Best known for manufacturing iPhones, Foxconn has recently shifted some of its attention to the booming electric vehicle space as a way to diversify its revenue. Late last year, the conglomerate announced an EV platform on which other companies could build. This year, Foxconn announced tie-ups with China’s largest private automaker, Geely, and with a number of EV startups. It has agreed to build an electric vehicle with Fisker Inc., struggling startup Byton, and may even build one with Faraday Future (as part of the deal with Geely), which is now flush with cash after years on the brink.

Foxconn also announced an EV partnership with Fiat Chrysler in 2020, though neither company has commented on the project since. (Fiat Chrysler is now called Stellantis.)

Fisker Inc. founder Henrik Fisker previously said there was a “very good chance” that it would build a vehicle with Foxconn in Wisconsin, though the chairman’s comments Tuesday are the first time the Taiwanese company confirmed its interest in using the facility. Liu also said Foxconn is considering building EVs for multiple partners but dismissed rumors that it would work with Apple, which is developing an autonomous electric car.

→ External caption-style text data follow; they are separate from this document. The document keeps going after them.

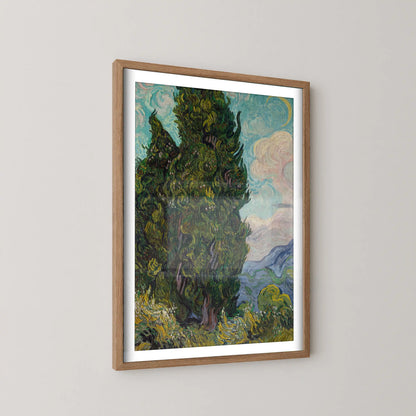 Cypresses by Vincent Van Gogh (1889)
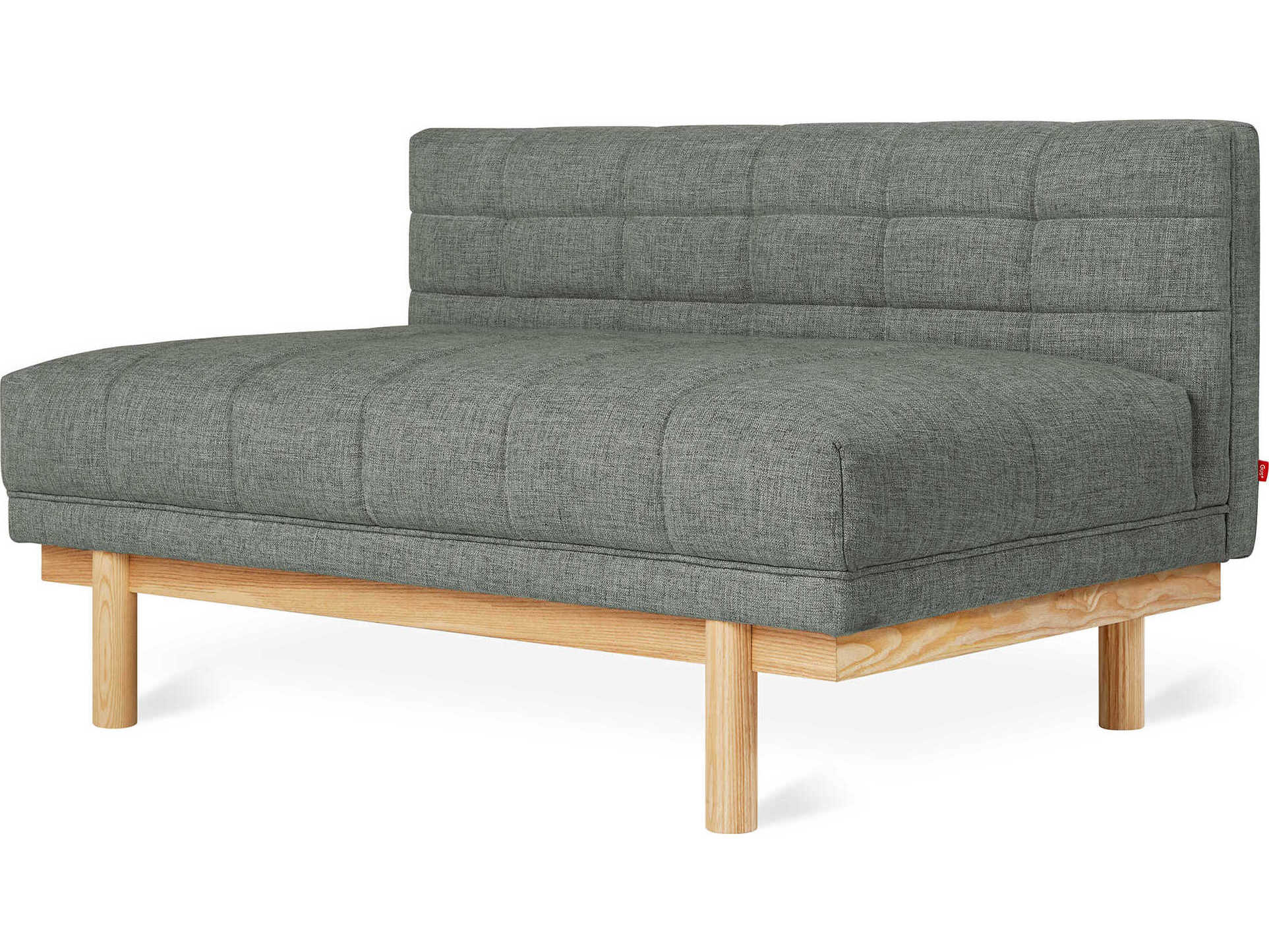 Gus* Modern Mulholland Brown Fabric Tufted Chair and a Half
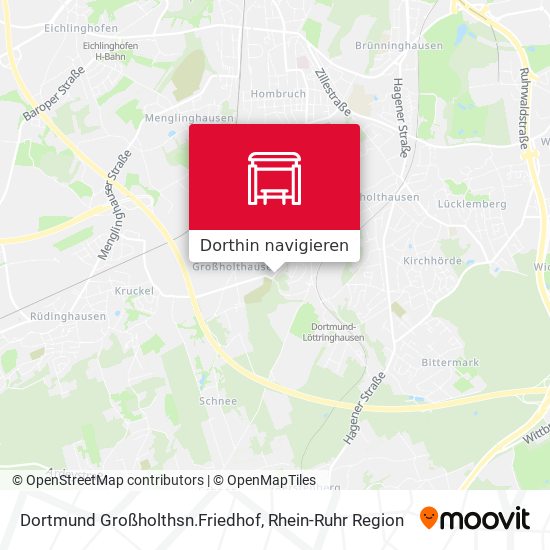 Dortmund Großholthsn.Friedhof Karte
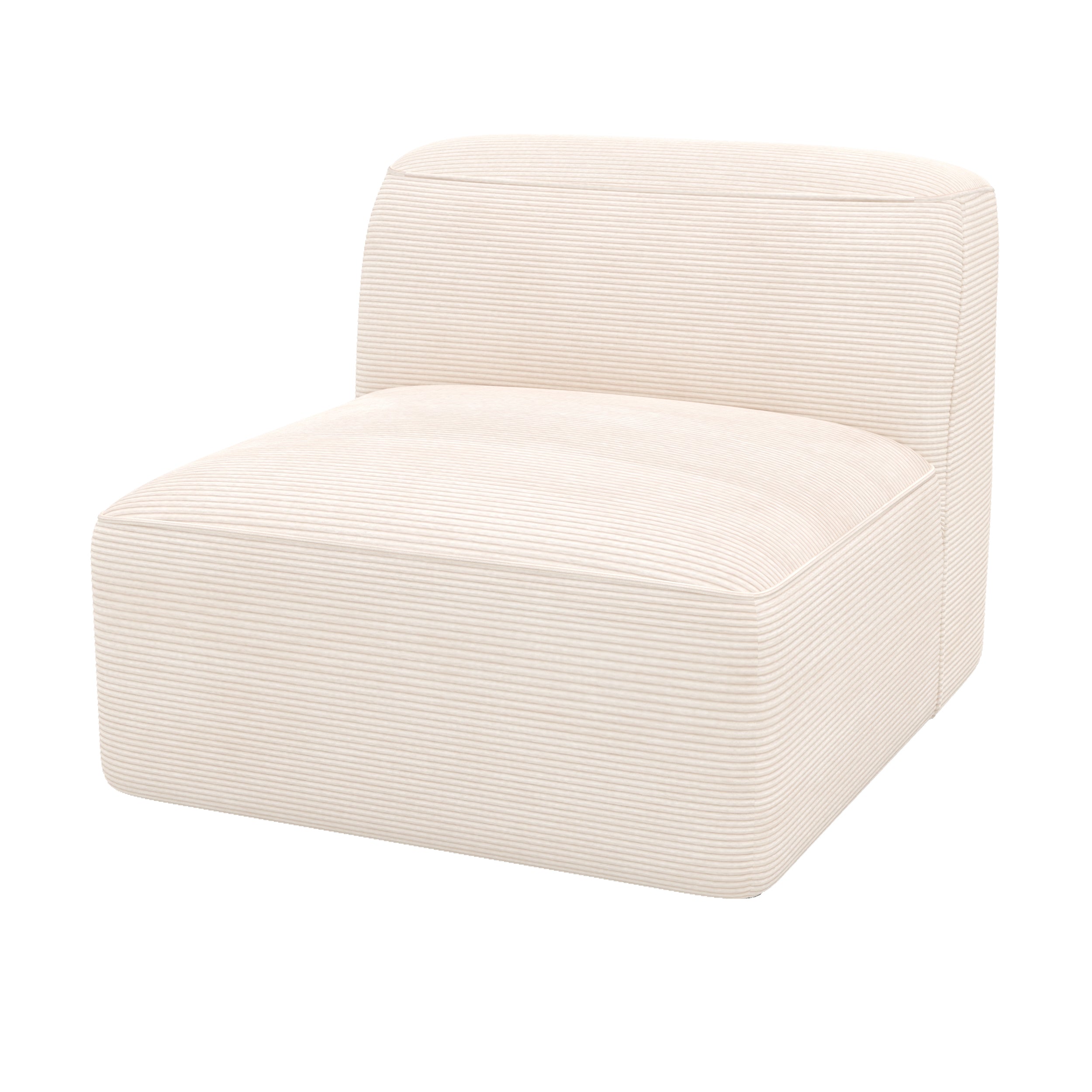 Sofa-Bed Mina für modularen Sofa aus cremefarbenem Samt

Foxconn broke ground on the factory in Wisconsin in 2018, after netting some $4 billion in tax credits and other incentives from state and local governments. The company promised it would invest $10 billion, build a 20-million-square-foot facility, and create 13,000 jobs all to make LCD panels. Former president Donald Trump once called the site the “eighth wonder of the world.” The company said it wanted to build the Silicon Valley of the Midwest, calling it “Wisconn Valley.”

But that never happened. Foxconn has spent the intervening years narrowing the scope of its ambitions in Wisconsin, barely hitting hiring targets set by the state along the way, and has invested just 3 percent of that $10 billion total to date. The biggest structure it’s built measures only 1 million square feet. It was recently reclassified in official documents as a storage facility.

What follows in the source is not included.